Second off, employers need to invest in technology people so when practitioners come out of school employers can get them into testing and development—but to get them to grow to understand complex architecture and larger system issues, that takes time. You can't just bring people in, use them for a project and shove them out the door without losing the future talent. Industry needs to do better job of building those people.
I think in today's world you need to come back and study for a master's degree. The master's degree teaches you to put knowledge together, to integrate, and to deal with the higher-level stuff. That high-level understanding takes time and there's no way we can pack that into undergraduate degree. Requires investment from the employee, as well.

What does someone pursuing a degree from Franklin want?
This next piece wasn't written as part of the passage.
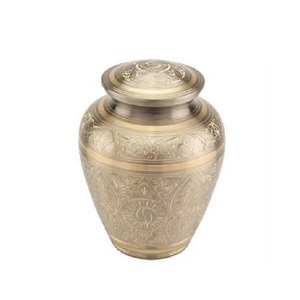 Urne funéraire moderne en laiton avec motif ondulé texturé, faite à la main, écologique, vase décoratif de table pour cendres d'adultes - Product Image 2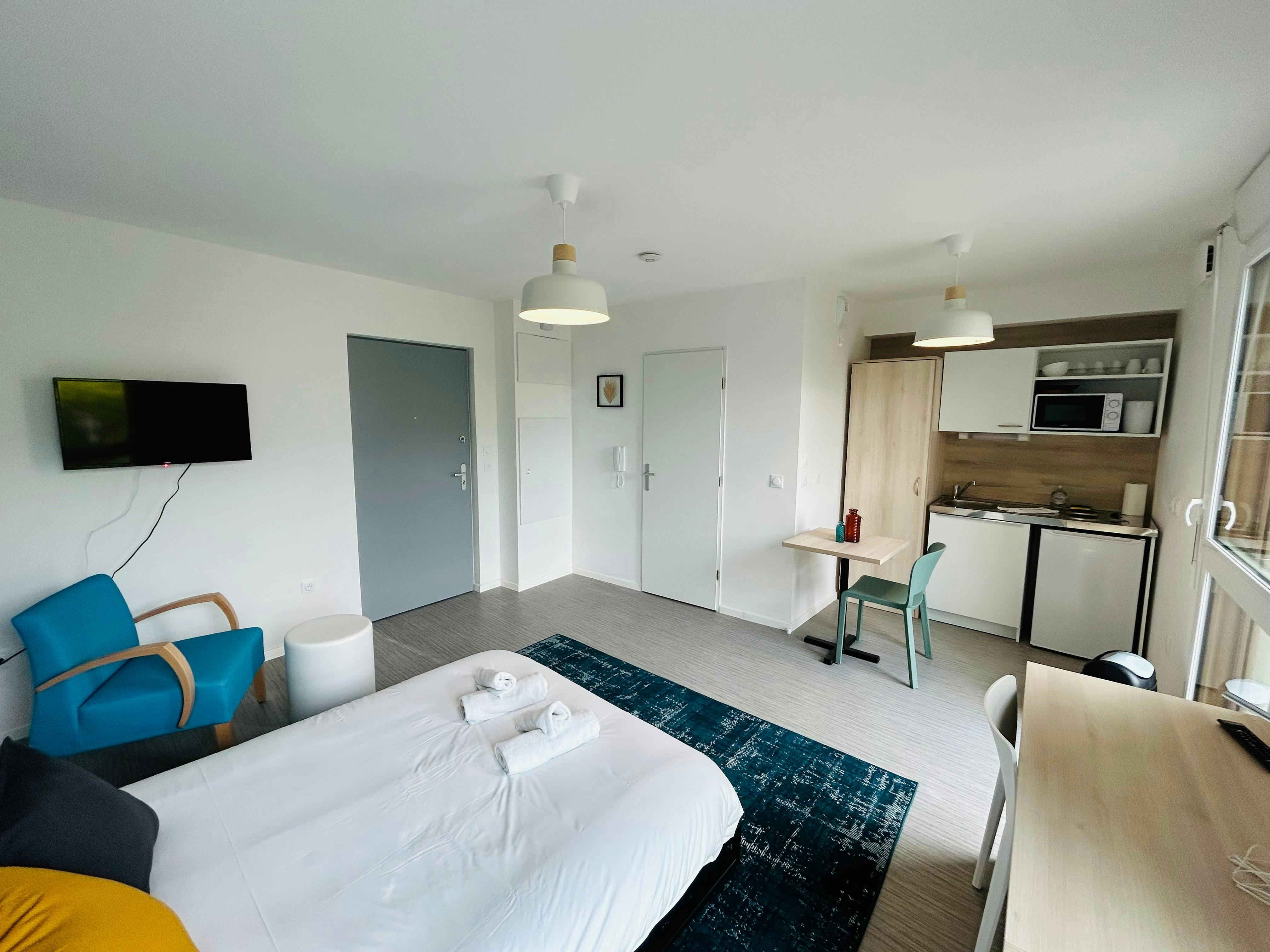 We Live In R - Suite 301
Students are all over the map. Some I talked to are trying to change careers. They may have been in all kinds of things. Someone was administrative assistant and wants to jump off and study software development.
Some are looking for more of an infrastructure job. They want to put networks together and they're happy at that level.
A lot of students we get are career-oriented and looking for job. They're driven that way, so they're trying to get their program done as fast as possible and get right into the field. Some want to jump up a level. In some ways I think many students are looking for how to get the degree, to get into a career, and to get moving.
Some are full-time students looking for internships, into company to do some work and to show what they can do. Some have difficulty doing that because they have families and other obligations.
Students really are all over the map; you'll need to talk to someone to find out where they are.